= Beginning of Section =

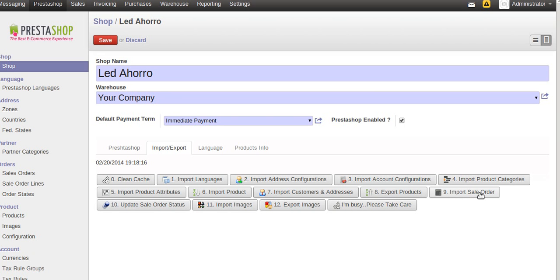Import sales orders — this imports sales orders from PrestaZop. The update order status feature will update all statuses of the order from OpenERP to PrestaZop and synchronize vice versa.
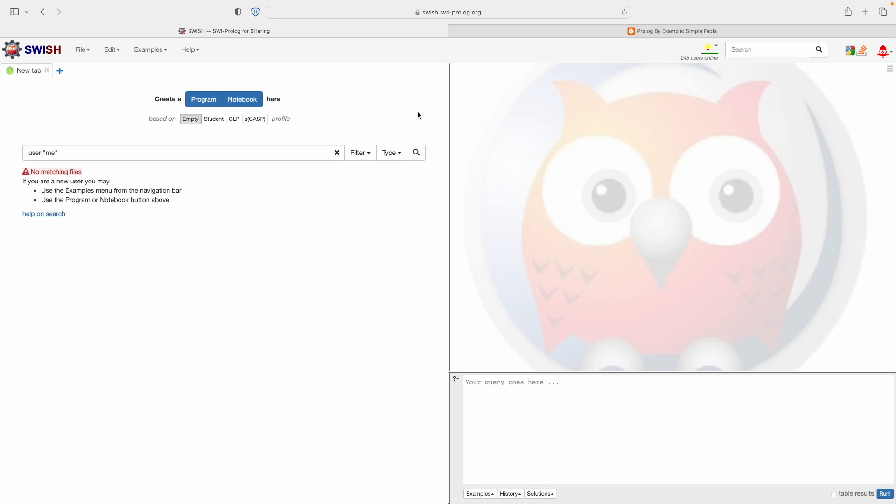The website is swish.swiprolog.org. SWI-Prolog is an open source version of Prolog. There are several, in fact many versions of Prolog, some more popular than others. SWI-Prolog is probably the most popular when it comes to free and open source versions. It's quite complete and most books and tutorials will probably be mindful that whatever they do works with SWI-Prolog.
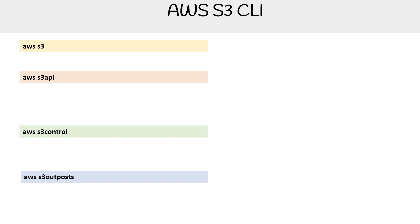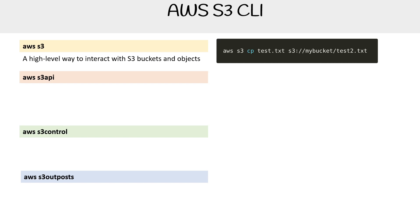They all serve different purposes. Let's talk about it. The first one is AWS S3. This is a high-level way to interact with S3 buckets and objects. Basically, this is when you really don't want to do low-level stuff, you just want to copy and move files and you want it to put a lot of magic in there for you and write the least amount of code to do what you want to do. You're going to use AWS S3. It's really good for day-to-day usage.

= End of Section =

Produce the material above again in full, with identical lines and no pictures.

REPLY TO THE EXERCISE:
Import sales orders — this imports sales orders from PrestaZop. The update order status feature will update all statuses of the order from OpenERP to PrestaZop and synchronize vice versa.
The website is swish.swiprolog.org. SWI-Prolog is an open source version of Prolog. There are several, in fact many versions of Prolog, some more popular than others. SWI-Prolog is probably the most popular when it comes to free and open source versions. It's quite complete and most books and tutorials will probably be mindful that whatever they do works with SWI-Prolog.
They all serve different purposes. Let's talk about it. The first one is AWS S3. This is a high-level way to interact with S3 buckets and objects. Basically, this is when you really don't want to do low-level stuff, you just want to copy and move files and you want it to put a lot of magic in there for you and write the least amount of code to do what you want to do. You're going to use AWS S3. It's really good for day-to-day usage.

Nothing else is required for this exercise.